#### [RECORDS FOR THE TASK]
>>

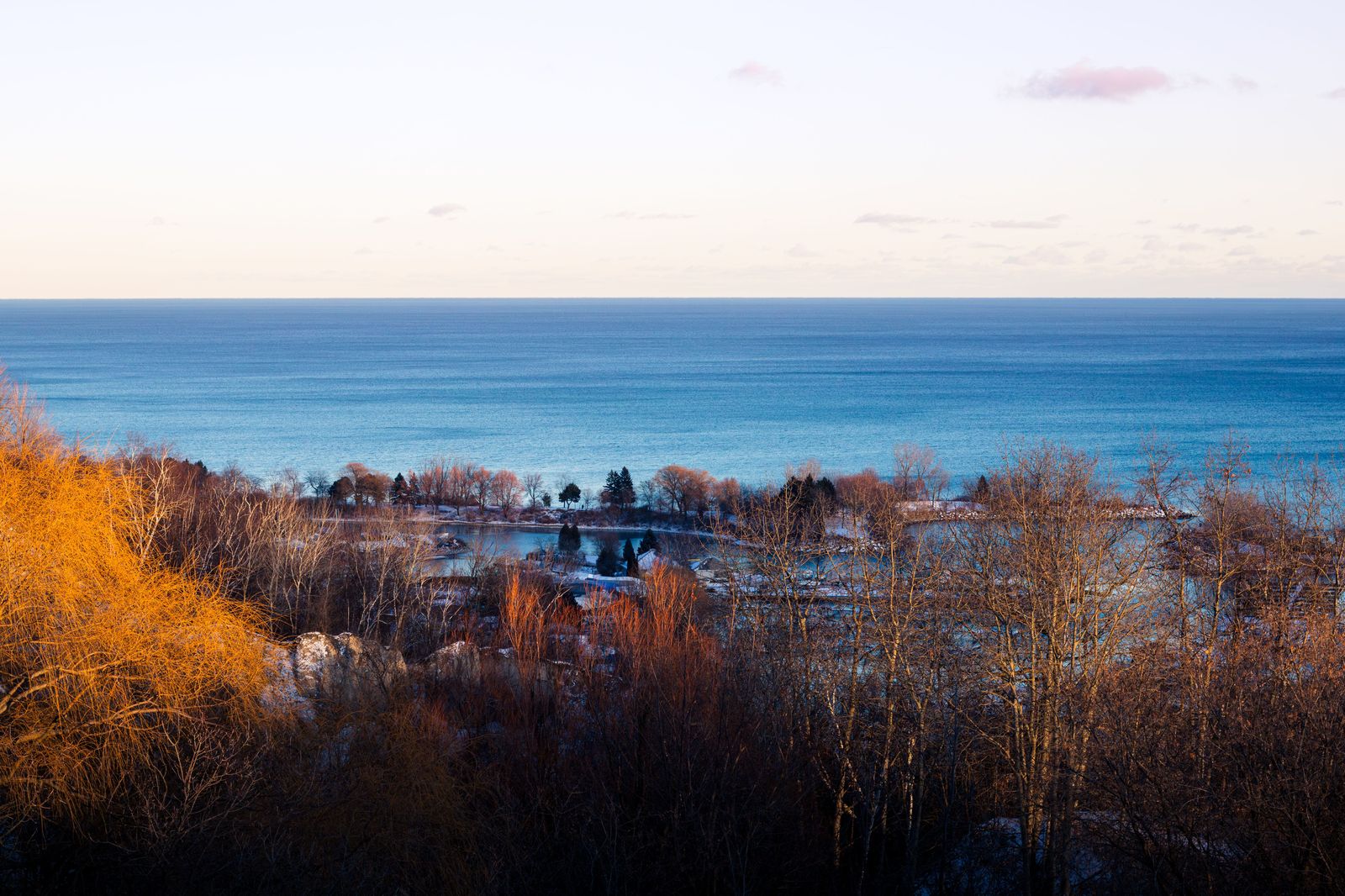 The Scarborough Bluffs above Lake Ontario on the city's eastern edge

<<
>>

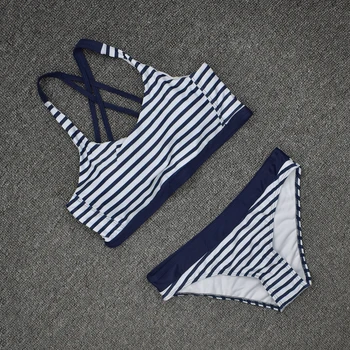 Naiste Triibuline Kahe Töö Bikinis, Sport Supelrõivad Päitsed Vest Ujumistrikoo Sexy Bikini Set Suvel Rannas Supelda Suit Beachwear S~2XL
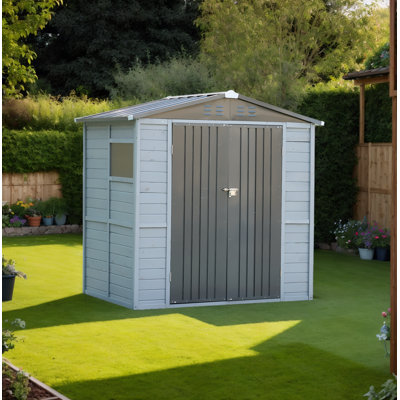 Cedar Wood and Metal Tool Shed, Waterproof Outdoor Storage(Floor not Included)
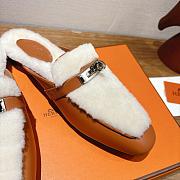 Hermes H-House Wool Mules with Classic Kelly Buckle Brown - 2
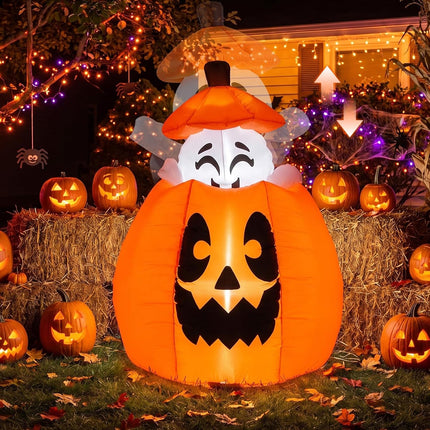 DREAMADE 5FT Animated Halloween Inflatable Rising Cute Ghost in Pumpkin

<<

Among the entries above, take the lines from the one with "Cedar Wood and" through the one with "DREAMADE 5FT Animated" and retype them exactly, leaving out the pictures.

 Cedar Wood and Metal Tool Shed, Waterproof Outdoor Storage(Floor not Included)
 Hermes H-House Wool Mules with Classic Kelly Buckle Brown - 2
 DREAMADE 5FT Animated Halloween Inflatable Rising Cute Ghost in Pumpkin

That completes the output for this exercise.